This is Part 4 of a set of posts related to the analysis of the Data Visualization Field on Twitter. For context or more information you may want to read those other posts first. They are:
In the previous posts we have seen that there are two fairly cohesive subgroups of twitter accounts that emerged from our analysis of the original 1000 accounts. I've been calling them the 'blue' and the 'red'. They were determined by looking exclusively at the references to twitter IDs within the tweets that were sent.
Presumably the fact that there are two fairly distinct groups would also be reflected in what they are discussing. I've done some analysis of the words used within the tweets for both groups. English stop words ('the' , 'and' , 'or', ... ) and other words commonly found in tweets ('new', 'via', 'like', 'day', ...) were excluded. Word clouds definitely have their limitations but I believe they can be an effective way to get a qualitative feel for a body of text. I have used Wordle to construct word clouds for the two groups.
It's clear that the blue group tweets a lot about 'art', 'code', 'design', 'processing', 'project', 'app' and 'workshop'. The red group tweets about 'data', 'visualization', 'design', 'infographic', and 'visual'. There is some overlap for sure but it's clear that they emphasize different things in what they are talking about.

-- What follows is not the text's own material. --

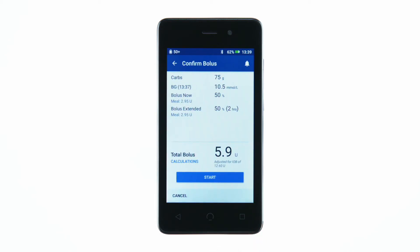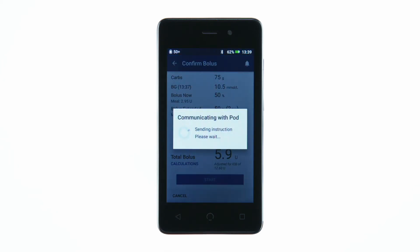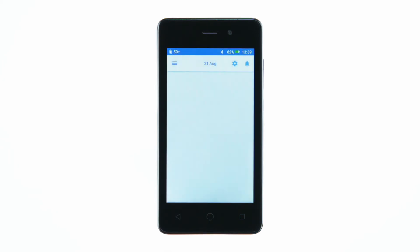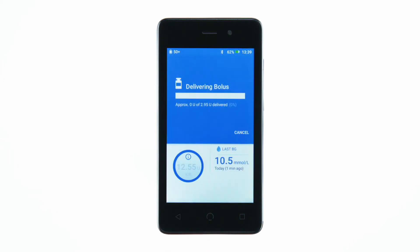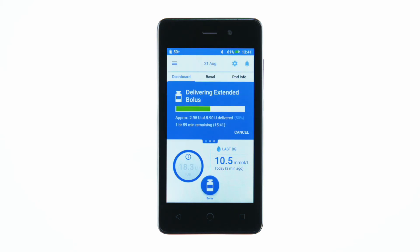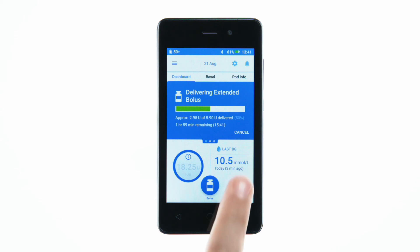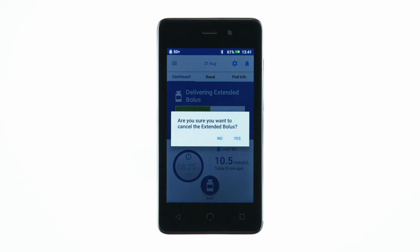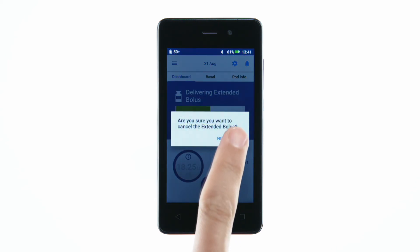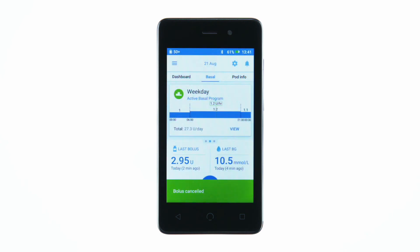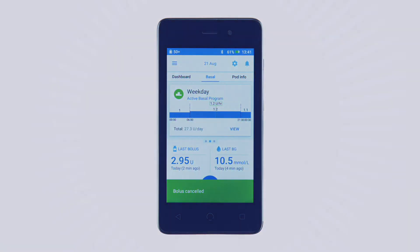Review the bolus details, then tap Start to deliver the bolus. While the bolus is delivering, you will see a progress bar. You may choose to cancel the bolus while it is still delivering.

Right from the very start I was calling the whole set of accounts the 'Data Visualization Field'. Of course, a more accurate description was that I was looking at the 'Set of Accounts on Twitter Connected Through Tweet Mentions from @moritz_stefaner, @datavis, @infosthetics, @wiederkehr, @FILWD, @janwillemtulp, @visualisingdata, @jcukier, @mccandelish, @flowingdata, @mslima, @blprnt, @pitchinteractiv, @bestiario140, @eagereyes, @feltron, @stamen, and @thewhyaxis'. It doesn't exactly roll off the tongue. From looking at these word clouds it appears that the red group could reasonably be named 'The Data Visualization Field' and the blue group something like 'Computational Artists and Designers'.
If we want to contrast these two groups more directly we can look for words that are used much more frequently in tweets of one group than the other. I've done this for words that met both an overall frequency threshold and an author support threshold - they were used by at least 10% of the group members. The bar charts show the frequency proportion. So, for example, in the large sample of tweets I looked at from both of the two groups if you count the number of times the word 'makerbot' was used then 99% of those instances were in tweets from people in the blue group.
This shows even more clearly the different things that these two groups emphasize.